The situation for civil society improved slightly in 2015, with more opportunities for advocacy campaigns, local fund-raising, and attempts by high-level officials to engage with civil society groups, especially on economic reforms. The release of all political prisoners in August also helped to open space for civil society activities. Separately, Belarusian authorities joined the Bologna Process on European standards for higher education, and began to encourage participation in pan-European research projects and networks, such as Horizon 2020.

However, civil society organizations still face significant challenges, including obstacles to registration as legal entities and the threat of criminal sanctions for operating without registration. Although new domestic fund-raising mechanisms are gaining popularity, the government maintains restrictions on funding for civil society organizations, particularly from foreign sources.

The authorities continued to suppress independent broadcast and print media in 2015, marginalizing the voices of those who disagree with the regime. Although state television has started to invite prominent opposition figures to prime-time talk shows more frequently, this has not changed the nature of public debate in Belarus. Foreign media outlets struggle to obtain official accreditation in the country. Internet-based media generally remain available to most users, but the government continued its policy of restricting access to some opposition websites at state-controlled institutions.

The authorities took a number of steps to address corruption in 2015, including adoption of a new anticorruption law, after a public consultation, and the implementation of a national program to combat crime and corruption. According to various enterprise surveys, Belarus is often regarded as one of the least corrupt countries in the Commonwealth of Independent States, but implementation of anticorruption measures remains selective in practice and lacks transparency.

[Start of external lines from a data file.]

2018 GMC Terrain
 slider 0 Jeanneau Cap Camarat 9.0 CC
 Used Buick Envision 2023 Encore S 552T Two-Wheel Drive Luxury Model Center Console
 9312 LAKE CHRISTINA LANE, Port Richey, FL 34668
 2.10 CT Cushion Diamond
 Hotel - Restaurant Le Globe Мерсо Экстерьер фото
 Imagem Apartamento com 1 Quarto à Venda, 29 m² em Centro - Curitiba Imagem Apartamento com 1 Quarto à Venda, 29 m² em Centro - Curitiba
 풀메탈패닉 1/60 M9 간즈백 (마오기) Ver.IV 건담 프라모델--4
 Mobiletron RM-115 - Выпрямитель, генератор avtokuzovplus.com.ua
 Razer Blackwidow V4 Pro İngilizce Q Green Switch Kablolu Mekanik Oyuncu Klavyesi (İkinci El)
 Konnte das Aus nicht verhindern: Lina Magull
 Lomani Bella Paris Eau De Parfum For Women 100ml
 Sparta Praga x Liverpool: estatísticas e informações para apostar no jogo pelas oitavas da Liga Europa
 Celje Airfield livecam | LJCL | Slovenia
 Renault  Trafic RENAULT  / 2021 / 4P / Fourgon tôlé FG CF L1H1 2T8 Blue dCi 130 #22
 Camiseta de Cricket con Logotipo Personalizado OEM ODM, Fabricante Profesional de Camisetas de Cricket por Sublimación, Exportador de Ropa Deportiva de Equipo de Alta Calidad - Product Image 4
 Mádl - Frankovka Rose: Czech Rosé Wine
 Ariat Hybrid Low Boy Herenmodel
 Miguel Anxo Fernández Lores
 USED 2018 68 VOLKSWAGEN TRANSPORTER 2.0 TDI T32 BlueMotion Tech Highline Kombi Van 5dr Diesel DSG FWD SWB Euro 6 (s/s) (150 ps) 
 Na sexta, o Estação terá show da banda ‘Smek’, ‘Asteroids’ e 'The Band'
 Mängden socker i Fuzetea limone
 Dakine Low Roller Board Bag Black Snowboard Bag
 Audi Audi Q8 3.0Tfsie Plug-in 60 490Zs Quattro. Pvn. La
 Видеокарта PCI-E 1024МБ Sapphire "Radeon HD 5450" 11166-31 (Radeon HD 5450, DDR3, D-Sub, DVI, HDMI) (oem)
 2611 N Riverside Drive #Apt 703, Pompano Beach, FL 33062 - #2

Outlook for 2016: The authoritarian nature of the political regime in Belarus will not change in 2016. The executive branch, with President Lukashenka at the top, will avoid implementation of significant reforms, though economic modernization is likely to continue without much fanfare. That would be in part a result of the gradual replacement of Soviet-minded conservatives with a new generation of officials, but also a response to major problems in Russia, the country’s main financial supporter. Economic and political pressures from an increasingly assertive Kremlin will lead to more attempts by Belarus to improve its relations with the West. The authorities can be expected to continue treating the political opposition and media without unnecessary brutality, while denying them the freedom necessary to change the political status quo.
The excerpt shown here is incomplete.